Q: How is the issue of housing reflected citywide?
A: Affordable housing is “probably the No. 1 public conversation,” Kraus said, adding that it’s a topic that multiple members of council are talking about. The council passed an Affordable Housing Trust Fund, but is still looking for ways to fund it, he said.
In District 3, Kraus said he wants to push the conversation to not just be about new housing, even though that’s an important piece.
“There’s an incredible housing stock that we have throughout the hilltop. Pick your neighborhood … really solidly-built houses [from] around the turn of the century that deserve to be renovated and returned to the housing market,” Kraus said. “I think they are perfect opportunities for affordable housing.”
Q: What’s your favorite part about living in District 3?
A: “Walking is my favorite thing. I live where I live because I’m a walker, I like the freedom,” Kraus said. “I have a car, and I use a car, and there are parts of my life where it’s absolutely necessary, but when it’s not necessary, you’ll find me on foot. … So my favorite thing about living in the South Side is that you can walk to everything, and I think people like that. You’re beginning to see this whole return to the urban environment.”
And his love of the walkability of the South Side is something that’s always been there, Kraus said.
“It gets in your blood. I don’t know how to describe it,” he said.
Q: What have you learned about being a public official?
A: “There are two things that I’ve learned definitively while being in office,” Kraus said.
First, he said that voting is “an emotional process. … People want to connect with you on a very authentic and human level. They may not believe all of your policies, or they might see certain things differently than what you do, but if they make that inherent connection with you and it’s authentic and they genuinely believe and trust you, they’ll vote for you forever.”
But officials have to treat that commitment as sacred, because it is, Kraus said.
Second, “One’s ability to to accomplish what they set out to accomplish is directly connected to your ability to build relationships. That if you think you’re going to come into a public office and be an island, you will fail,” Kraus said.
He said public officials have to bring people with them and be willing to go along with people when they need it.
Q: What was your proudest moment in office?
A: Kraus said he can’t limit it to one, but the first thing that came to his mind was a party in Mount Washington the day he was sworn in to city council. He said there were at least 500 people there.
Kraus said he turned to a friend and said, “Look at this crowd.”
The friend responded with, “Yeah, look at all the people.”
“I said, ‘No, not all the people. Look at who is here.’ Because it was this wonderful, again, hodgepodge of people of all different sizes and shapes and colors and ethnicities and orientations, and I just remember it was such a very proud moment for me to see how diverse, on so many different levels, this crowd of people supporting me [was],” Kraus said.
He said he’d argue that District 3 is the “most diverse council district,” in terms of ethnicity, income, education and orientation.
Q: What are your future plans for public service?
A: Kraus still has nearly three years on his latest council term, but said City Council is “a good fit.”

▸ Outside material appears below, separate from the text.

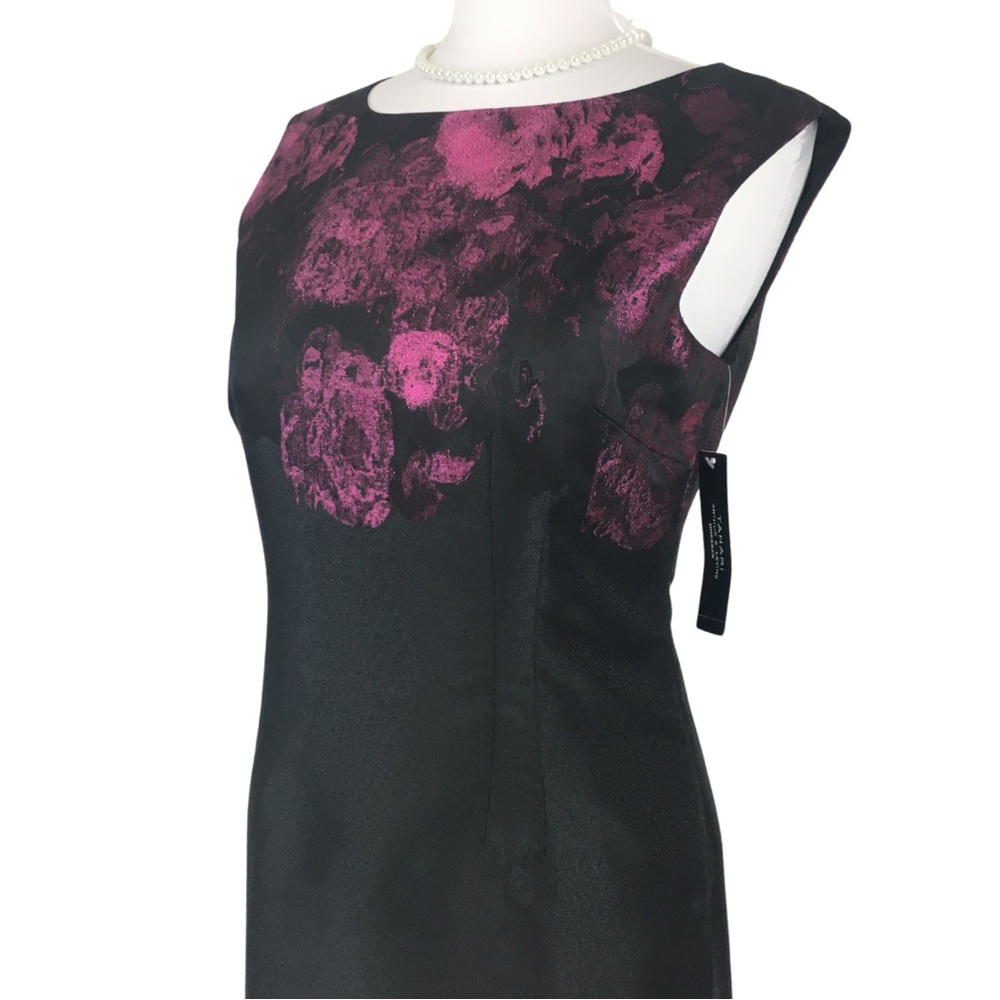 Tahari Black Pink Floral Jacquard Sleeveless High Neckline Sheath Dress size 12 - Picture 4 of 16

“All indications are that I will seek another term, but I never have been interested in a higher office,” Kraus said.
The beauty of being on City Council is the interaction that comes with it, he said, adding that someone at the supermarket is comfortable enough to approach him and ask for help.
“I just love getting that kind of stuff done,” Kraus said. “It’s a neighborly kind of job. I love that about it.”

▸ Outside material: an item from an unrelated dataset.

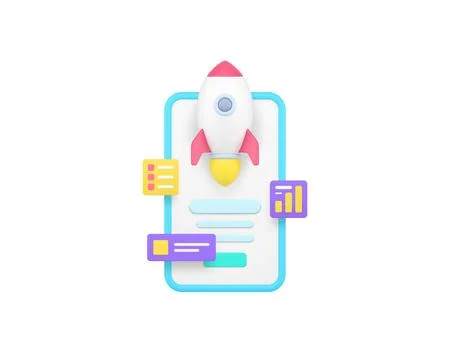 Mobile application startup digital marketing analyzing 3d icon realistic vect Illustrazione stock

Q: What is your advice for getting involved in District 3 or any Pittsburgh community?
A: Kraus said he’s learned from every board he’s a member of, especially the Carnegie Library board. The library isn’t just a place for books, it’s a community center, a place for after school programming and a place for job searching.
It’s important to be involved, he said, adding that can be through a community council or chamber or by working with a strong community leader or with local government.
“We need your help. That’s it, short and sweet,” Kraus said.